> _ACTIVITY_: Word for word and without images, reproduce the listing that follows.

> _SUPPLIED DATA_:

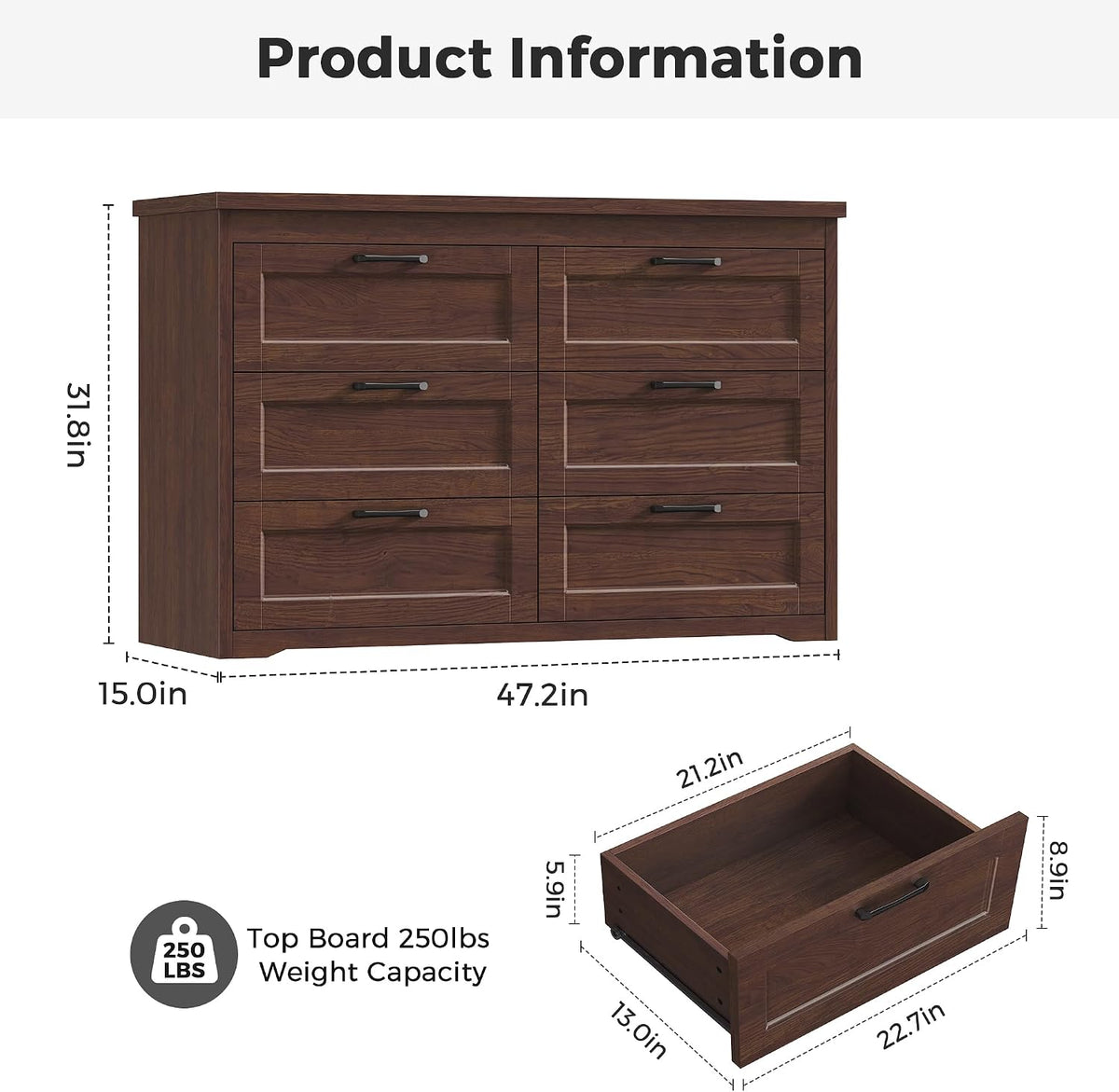 Jocoevol Brown 6 Drawer Dresser for Bedroom, 47.2" Modern Chest of Drawers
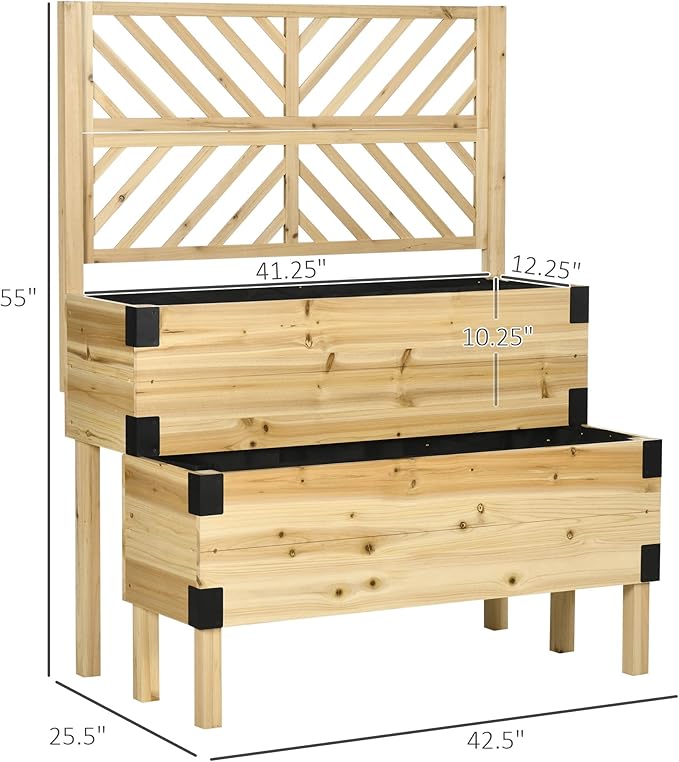 Raised Garden Bed with Trellis 2 Tier Wooden Elevated Planter Box with Legs and Metal Corners for Vegetables Flowers Herbs Natural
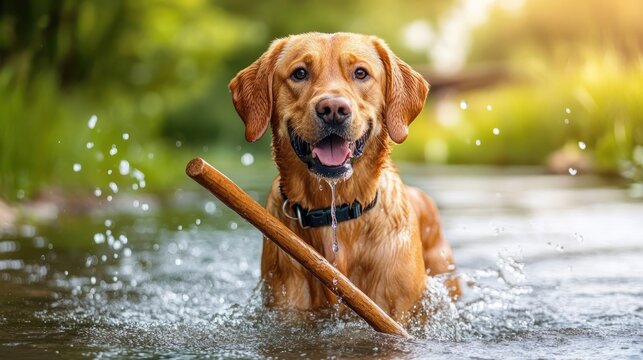 Happy fox red Labrador Retriever playing fetch in a creek, summer sun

> _ANSWER AREA_:
 Jocoevol Brown 6 Drawer Dresser for Bedroom, 47.2" Modern Chest of Drawers
 Raised Garden Bed with Trellis 2 Tier Wooden Elevated Planter Box with Legs and Metal Corners for Vegetables Flowers Herbs Natural
 Happy fox red Labrador Retriever playing fetch in a creek, summer sun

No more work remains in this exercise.